そうした中、2025年1月20日にトランプ米国大統領が就任し、早々にパリ協定からの離脱を発表しました。トランプ政権の発足に先立ち、世界最大の投資会社であるブラックロックは気候変動対策グループ(NZAM)から脱退し、これを受けて日系企業を含むアメリカの大手企業を中心に、自社のESG取り組みを見直す動きが拡大傾向にあります。加えて、経済政策として一部輸入品に対する関税引き上げを掲げるなど、多国間協定によるグローバルマーケットから二国間協定によるインターナショナルマーケットへと世界経済のルールが変化しつつあります。

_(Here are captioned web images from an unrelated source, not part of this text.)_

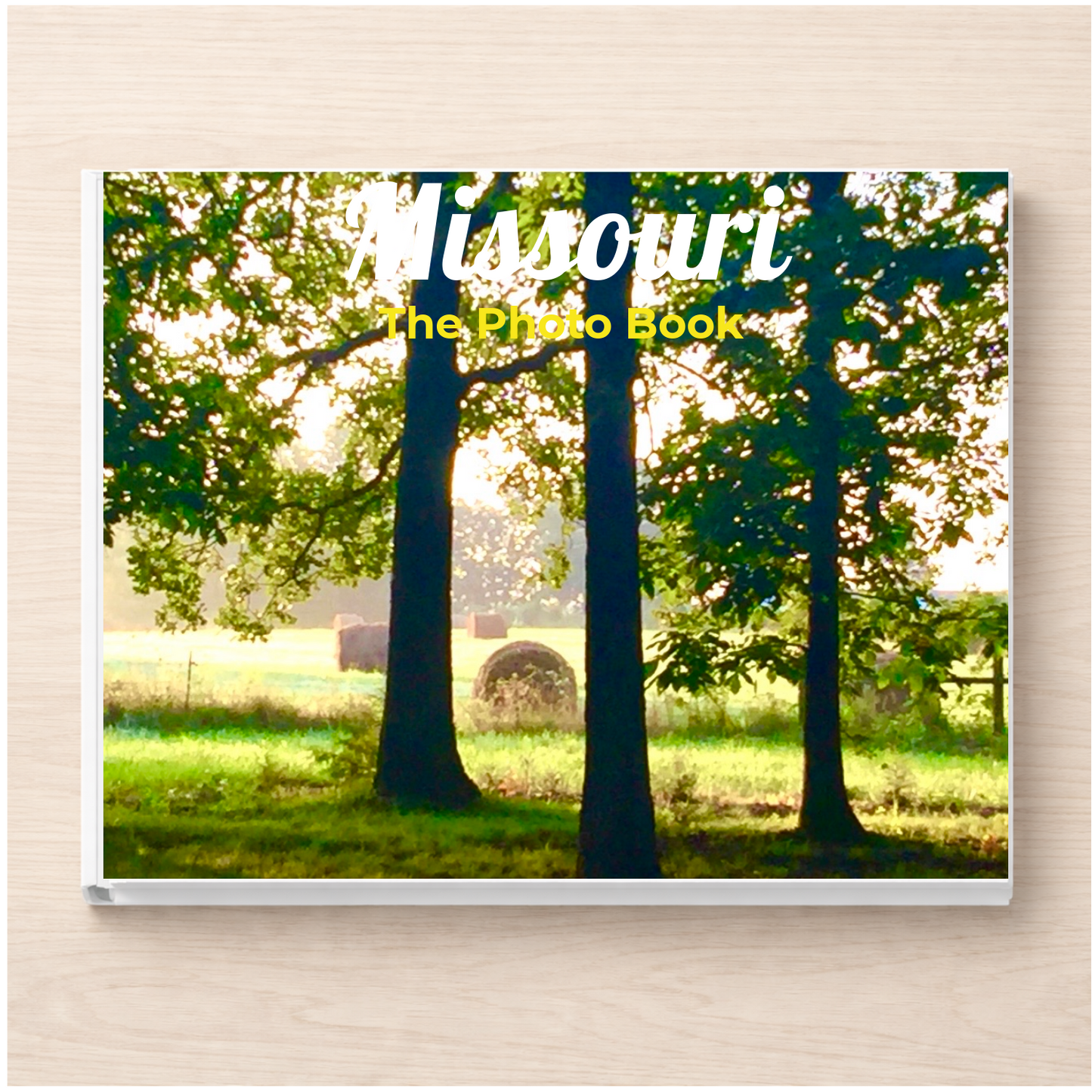 Missouri: The Photo Book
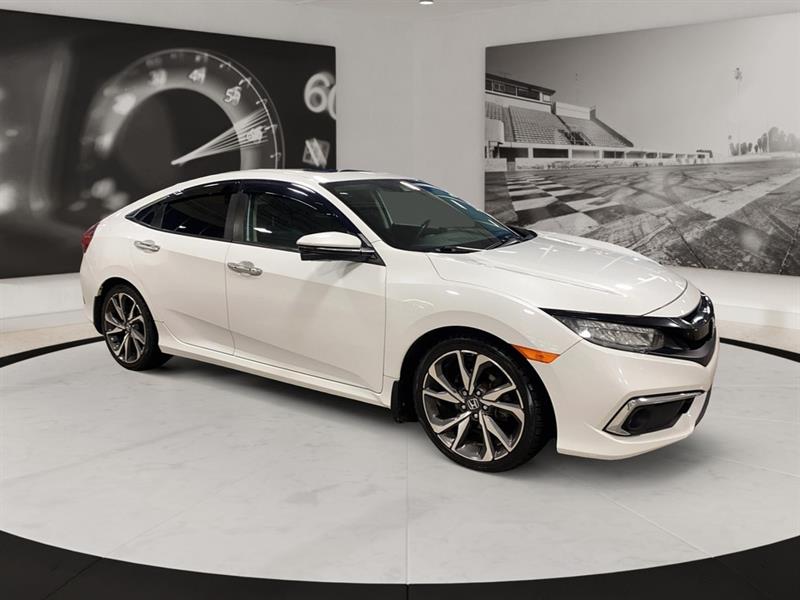 honda Civic Sedan 2019 - 3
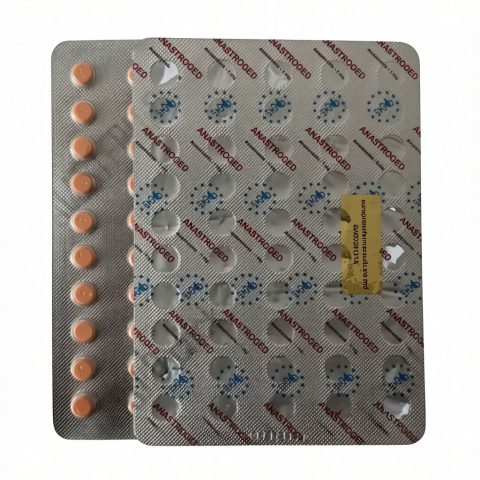 ANASTROGED EPF 1MG/TAB - ЦЕНА ЗА 10 ТАБ.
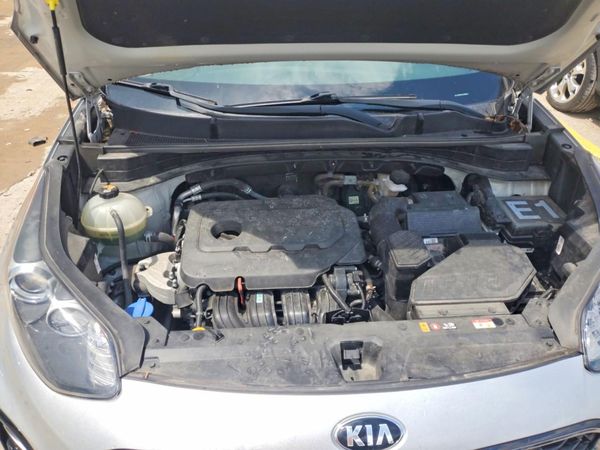 2020 KIA SPORTAGE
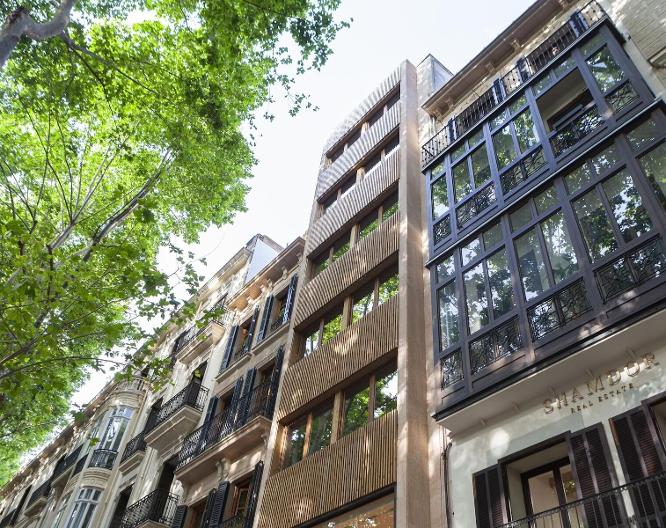 Nivia Born Boutique Hotel - Außenansicht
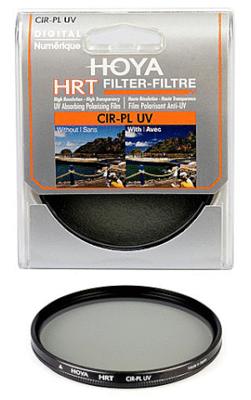 Hoya Polarisatiefilter - HRT serie (High-Rate Transparency) - 49mm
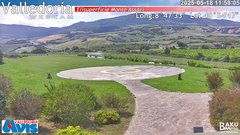 view from Valledoria on 2025-05-18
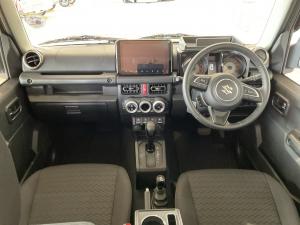 Suzuki Jimny 1.5 GLX AllGrip 5-door auto - Image 6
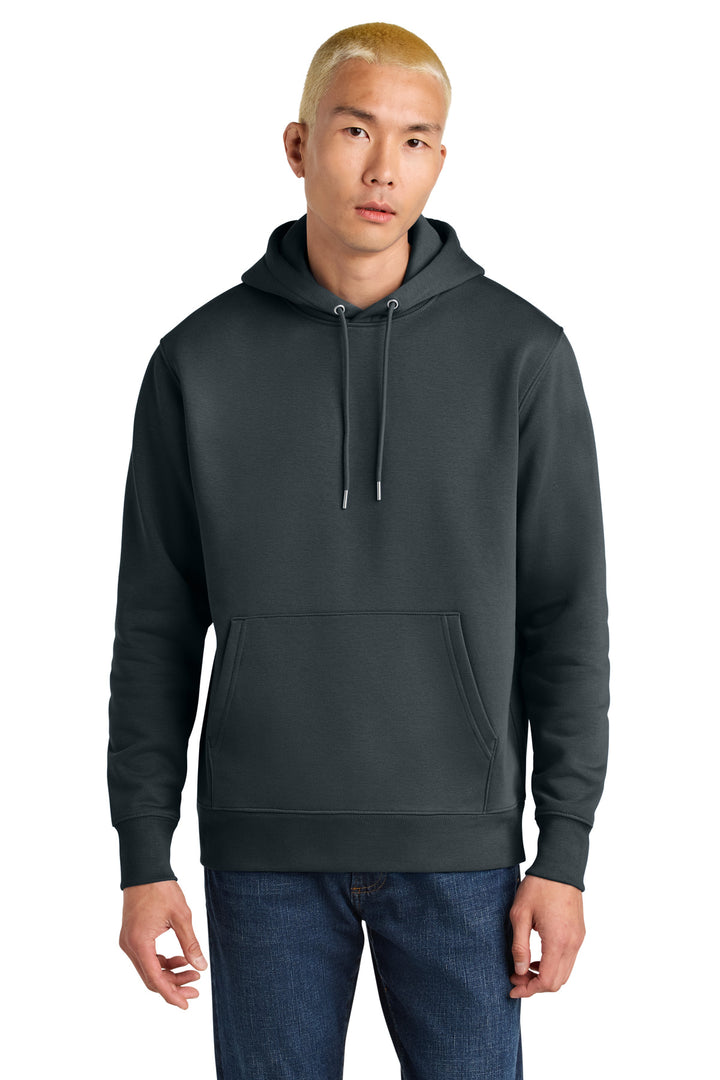 Front View of IndiaInkGy Stanley/Stella Unisex Cruiser 2.0 Hooded Sweatshirt SXU003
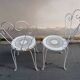 Paire de chaises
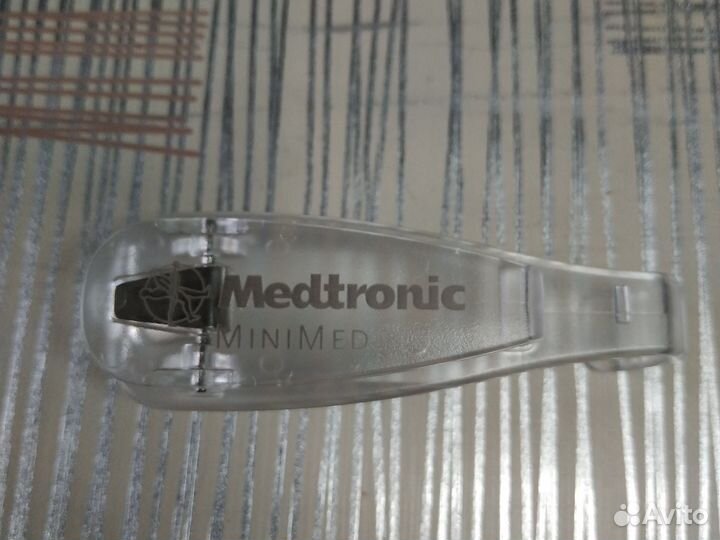 Клипса для помпы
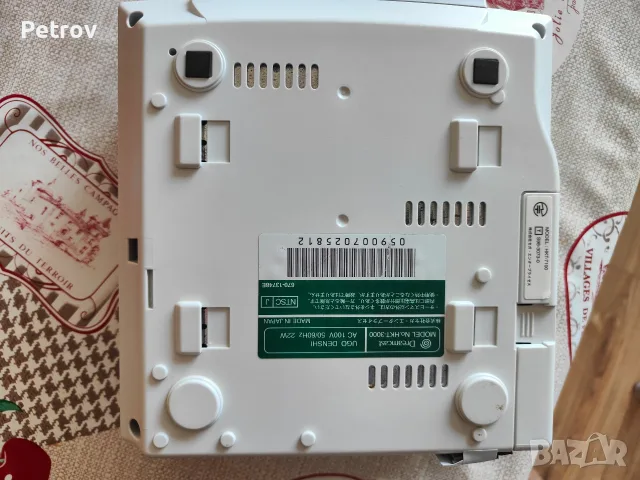 SEGA Dreamcast като нова с 22 игри, снимка 8 - Други игри и конзоли - 55853457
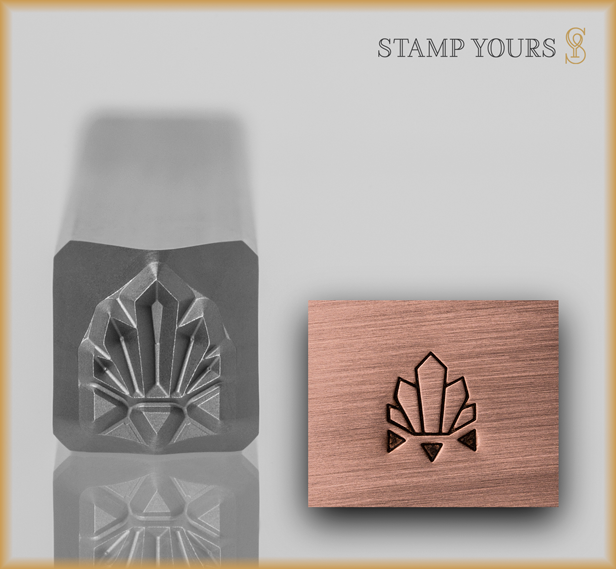 Art Deco Pattern 3 - Stamp Yours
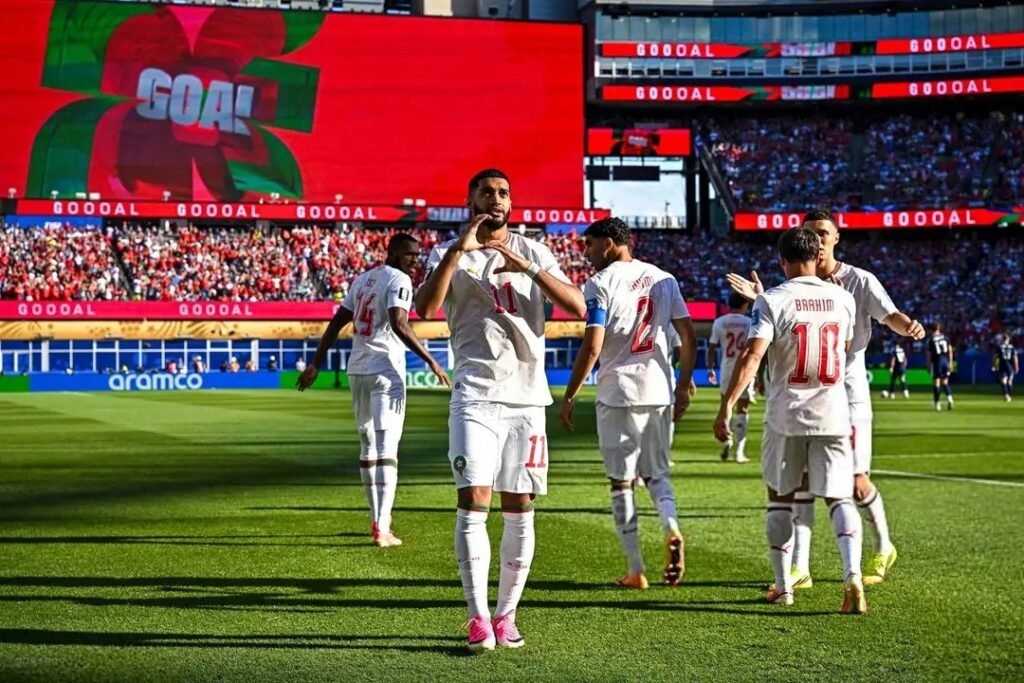 Coupe du Monde 2026 : Le Maroc dompte l'Écosse et prend les commandes du groupe C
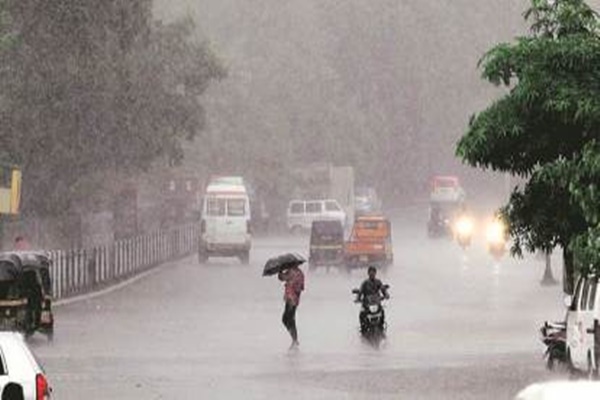 IMD issues orange alert for heavy to very heavy rainfall in North-eastern region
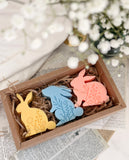 Easter Bunny Candle – Three Ear Styles（1pc）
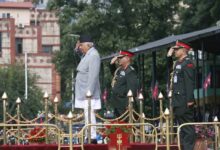 संविधान दिवस देशभर विभिन्न कार्यक्रमका साथ मनाइयो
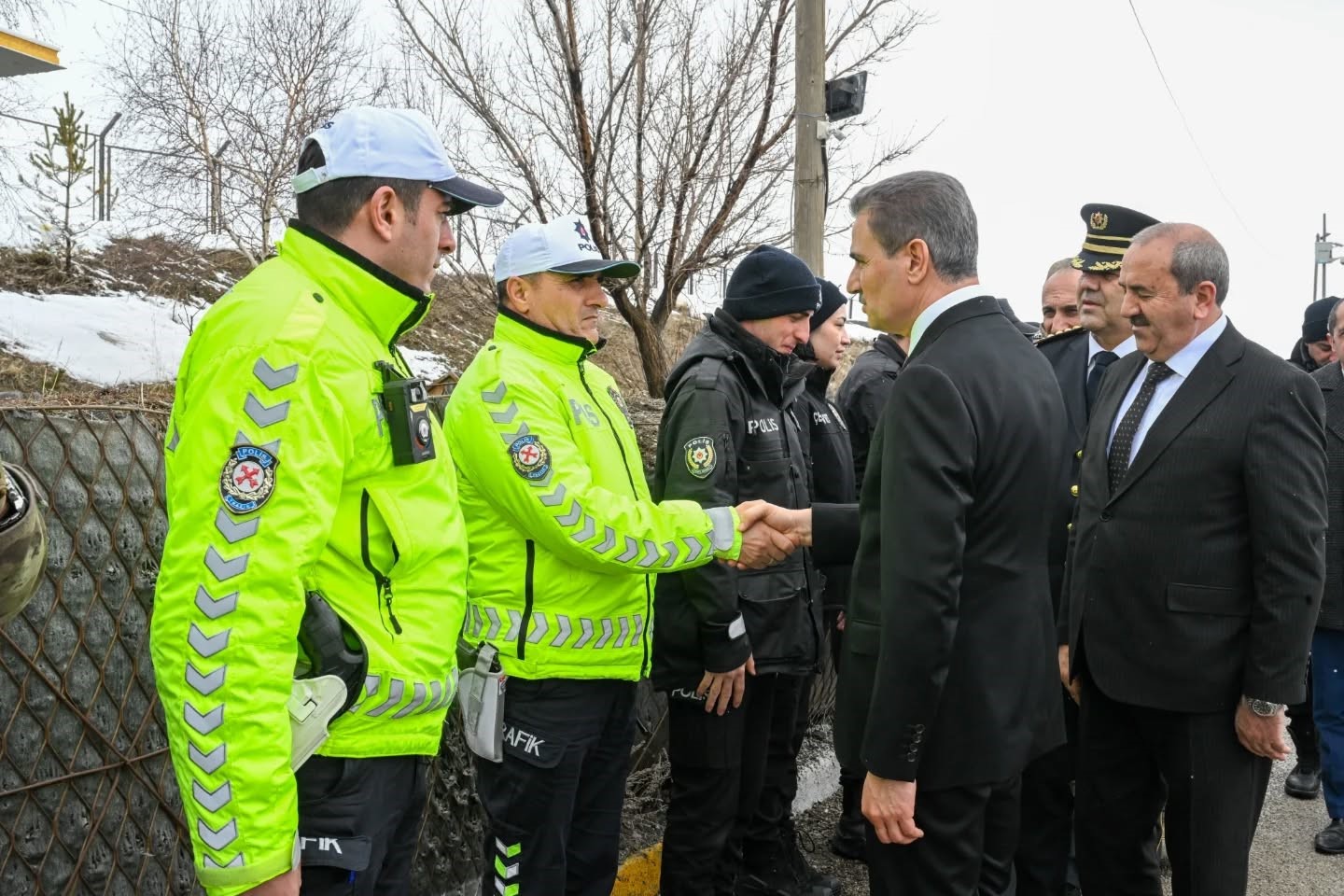 Erzurum&rsquo;da bayram coşkusu
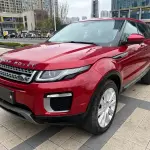 Land Rover Evoque 2017 из Китая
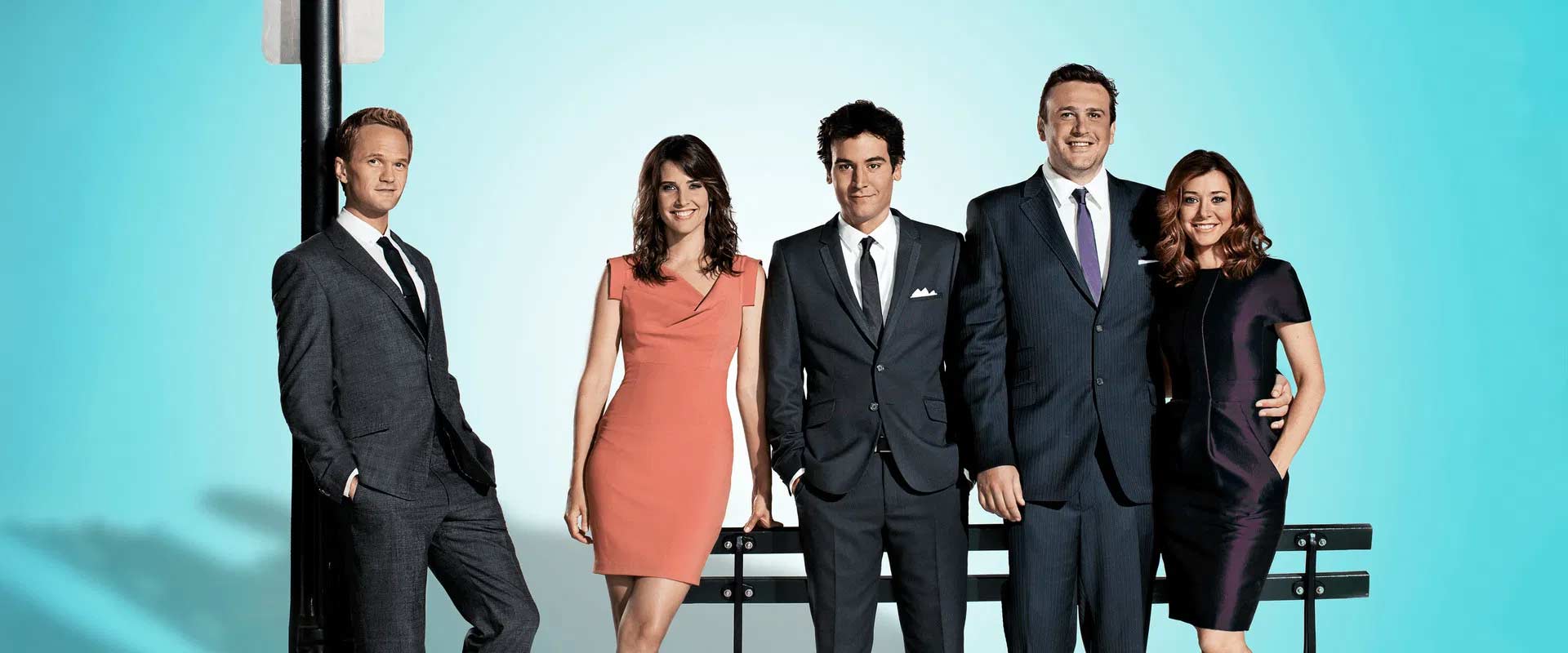 Как я встретил вашу маму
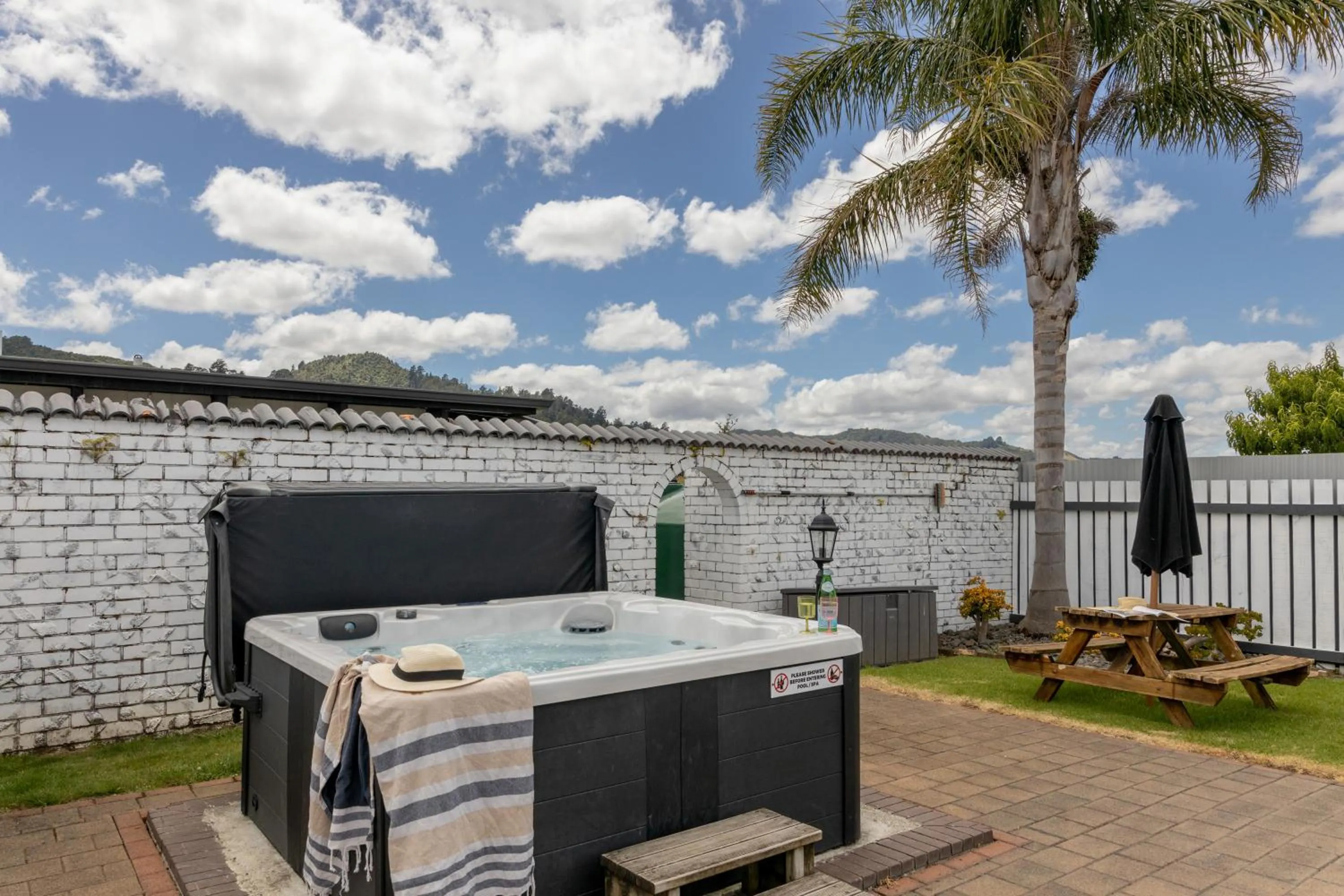 Superior Studio (No Aircon) in Rolleston Motel Thames - Wenzel Motels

このようなブロック経済が進行し、更には世界的な資源枯渇や気候変動リスクの顕在化が一層加速する中で、今後世界では、自社活動の抑制につながる「守りのESG(Scope3:企業バリューチェーン全体の排出量を把握する指標)」を超えた、より本質的な企業成長と自社活動の拡大に繋がる「攻めのESG(Scope4:製品・サービスがライフサイクルを通じて発揮する便益(削減効果))」への取り組みを求める動きが加速すると考えます。特にブラックロックによるNZAM脱退は、短期的にはESG投資への影響が懸念される一方で、長期的には企業や投資家がScope3からScope4を重視し、「実際の脱炭素貢献」を示す方向へシフトする契機になると捉えております。当社グループは従前より「守りのESGから攻めのESGへのトランジションストラテジー(移行戦略)」の必要性を掲げています。2021年からは、顧客企業が気候変動対策や生物多様性に対する取り組みが必要とされる市場において、自社の製品・サービスを展開していくための事業開発を統合支援する「Cyano Project」を提供しております。現在の社会潮流は、まさにこの「Cyano Project」の存在意義を発揮すべき局面が到来したものと捉えております。
また海外においても、マレーシアやインドネシアを含むASEANでは、サーキュラーエコノミーの推進によって約4,200億ドルの市場が生まれると言われており、当社グループにとって追い風の時流と捉えております。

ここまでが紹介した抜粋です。